--- INSTRUCTIONS TO FOLLOW ---
Write out exactly the line containing "Listing photo id 2 for 3905 84th Lane Road" along with each line that follows it in the records below, and no others.

[TASK INPUTS — start]

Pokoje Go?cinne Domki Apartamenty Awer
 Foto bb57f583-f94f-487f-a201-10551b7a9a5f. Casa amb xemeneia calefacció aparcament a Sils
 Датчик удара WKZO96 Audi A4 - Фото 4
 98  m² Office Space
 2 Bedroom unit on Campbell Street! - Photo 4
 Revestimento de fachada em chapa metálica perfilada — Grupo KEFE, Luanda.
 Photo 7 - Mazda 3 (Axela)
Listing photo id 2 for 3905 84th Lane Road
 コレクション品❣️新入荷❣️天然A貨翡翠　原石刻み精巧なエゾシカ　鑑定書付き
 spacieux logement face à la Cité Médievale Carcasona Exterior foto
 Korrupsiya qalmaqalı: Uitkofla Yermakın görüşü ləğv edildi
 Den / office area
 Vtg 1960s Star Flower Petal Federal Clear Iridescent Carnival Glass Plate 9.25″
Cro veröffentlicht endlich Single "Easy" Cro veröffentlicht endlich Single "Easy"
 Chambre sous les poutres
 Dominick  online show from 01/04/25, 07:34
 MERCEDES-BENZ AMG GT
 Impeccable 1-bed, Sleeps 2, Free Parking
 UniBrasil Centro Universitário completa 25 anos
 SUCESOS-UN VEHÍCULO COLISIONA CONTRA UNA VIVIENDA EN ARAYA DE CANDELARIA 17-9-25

[TASK INPUTS — finish]

--- RESPONSE ---
Listing photo id 2 for 3905 84th Lane Road
 コレクション品❣️新入荷❣️天然A貨翡翠　原石刻み精巧なエゾシカ　鑑定書付き
 spacieux logement face à la Cité Médievale Carcasona Exterior foto
 Korrupsiya qalmaqalı: Uitkofla Yermakın görüşü ləğv edildi
 Den / office area
 Vtg 1960s Star Flower Petal Federal Clear Iridescent Carnival Glass Plate 9.25″
Cro veröffentlicht endlich Single "Easy" Cro veröffentlicht endlich Single "Easy"
 Chambre sous les poutres
 Dominick  online show from 01/04/25, 07:34
 MERCEDES-BENZ AMG GT
 Impeccable 1-bed, Sleeps 2, Free Parking
 UniBrasil Centro Universitário completa 25 anos
 SUCESOS-UN VEHÍCULO COLISIONA CONTRA UNA VIVIENDA EN ARAYA DE CANDELARIA 17-9-25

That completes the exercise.